Required action. Images are to be excluded, and the rest of the data repeated exactly.

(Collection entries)
◇ ◇ ◇ ◇ ◇ ◇ ◇
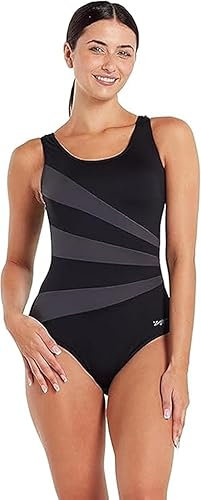 Zoggs Damen Sandon Scoopback Einteiliger Badeanzug, Schwarz / Ecolast-Stoff, 44/ DE46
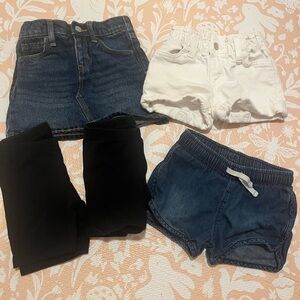 Cat & Jack and Old Navy girls 2T shorts and skirt bundle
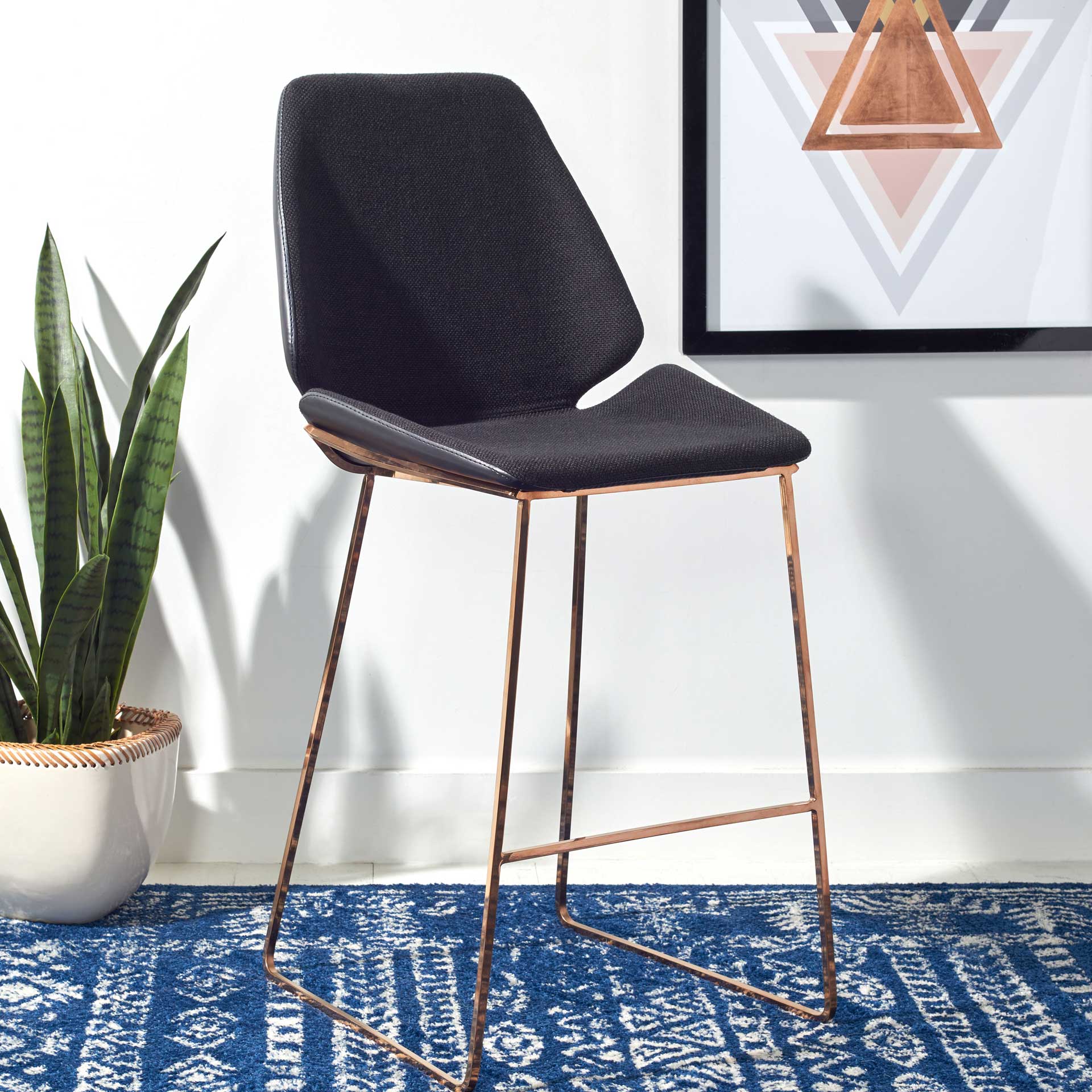 Margot Counter Stool Black/Gold - Image 7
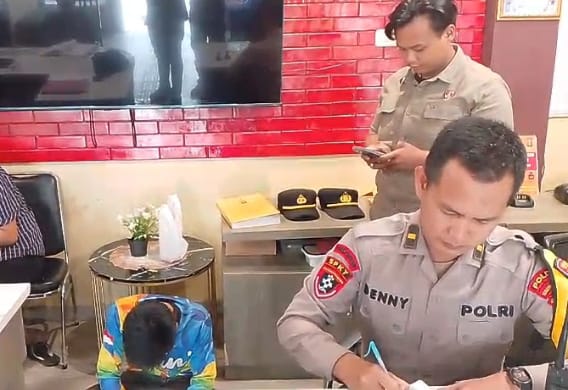 Pelaku saat diamankan Kepolisian 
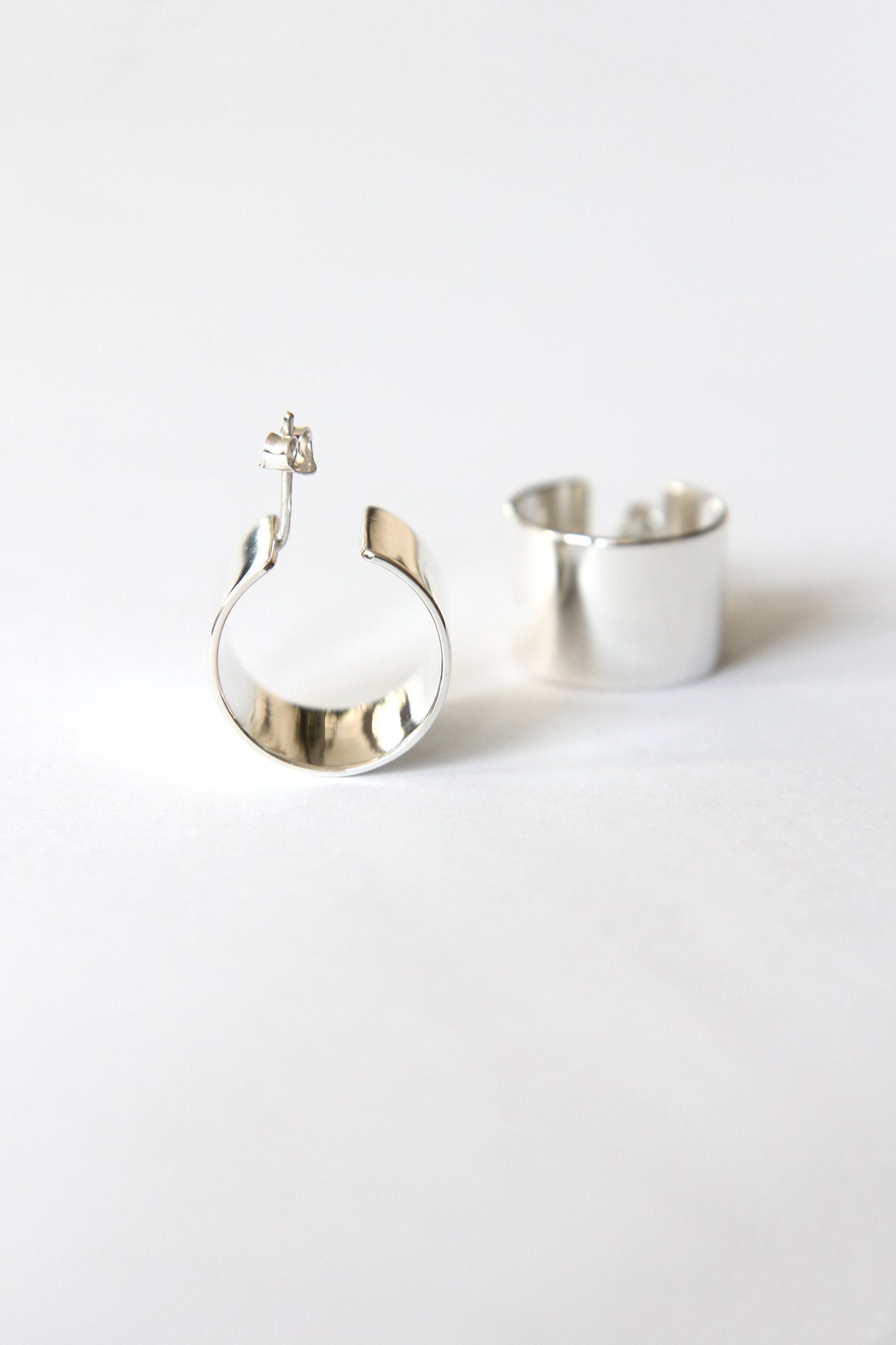 Wide Polished Silver Hoop Earrings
◇ ◇ ◇ ◇ ◇ ◇ ◇
Task result.
 Zoggs Damen Sandon Scoopback Einteiliger Badeanzug, Schwarz / Ecolast-Stoff, 44/ DE46
 Cat & Jack and Old Navy girls 2T shorts and skirt bundle
 Margot Counter Stool Black/Gold - Image 7
 Pelaku saat diamankan Kepolisian 
 Wide Polished Silver Hoop Earrings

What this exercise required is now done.